=== Begin Enclosure ===

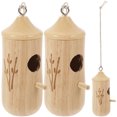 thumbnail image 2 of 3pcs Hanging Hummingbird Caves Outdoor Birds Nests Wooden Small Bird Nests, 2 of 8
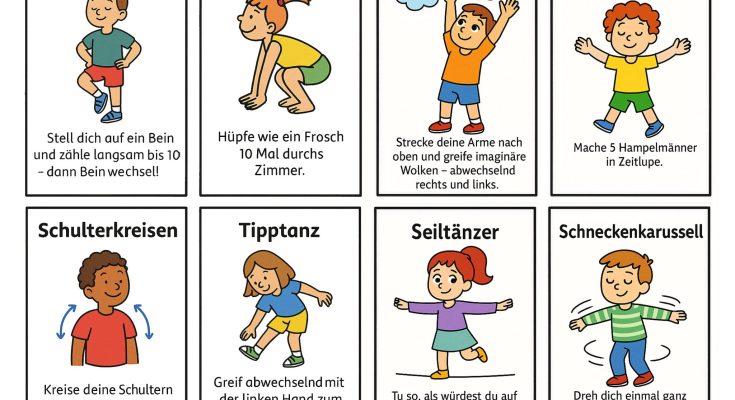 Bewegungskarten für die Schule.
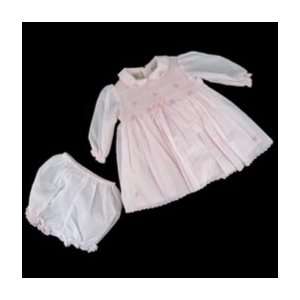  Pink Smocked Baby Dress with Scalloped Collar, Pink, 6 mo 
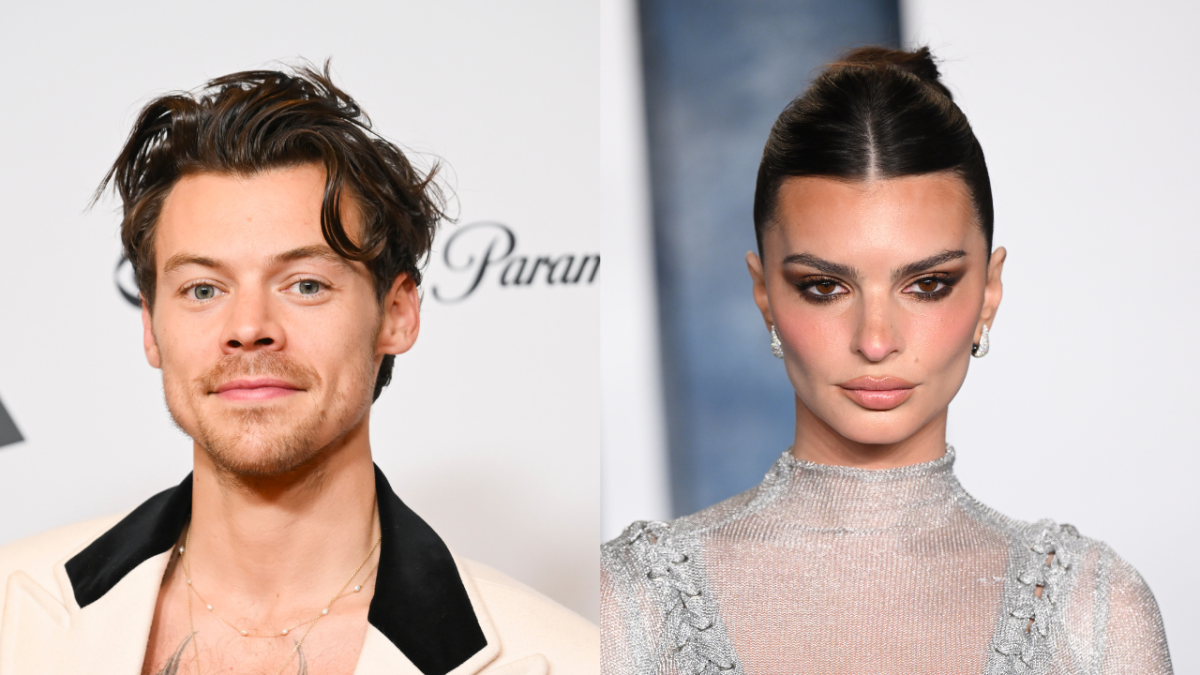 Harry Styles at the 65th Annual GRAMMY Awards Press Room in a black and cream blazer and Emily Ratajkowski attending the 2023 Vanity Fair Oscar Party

=== End Enclosure ===

= What you will do =
Could you print the material above word for word and skip the images?

= Solved exercise =
 thumbnail image 2 of 3pcs Hanging Hummingbird Caves Outdoor Birds Nests Wooden Small Bird Nests, 2 of 8
 Bewegungskarten für die Schule.
  Pink Smocked Baby Dress with Scalloped Collar, Pink, 6 mo 
 Harry Styles at the 65th Annual GRAMMY Awards Press Room in a black and cream blazer and Emily Ratajkowski attending the 2023 Vanity Fair Oscar Party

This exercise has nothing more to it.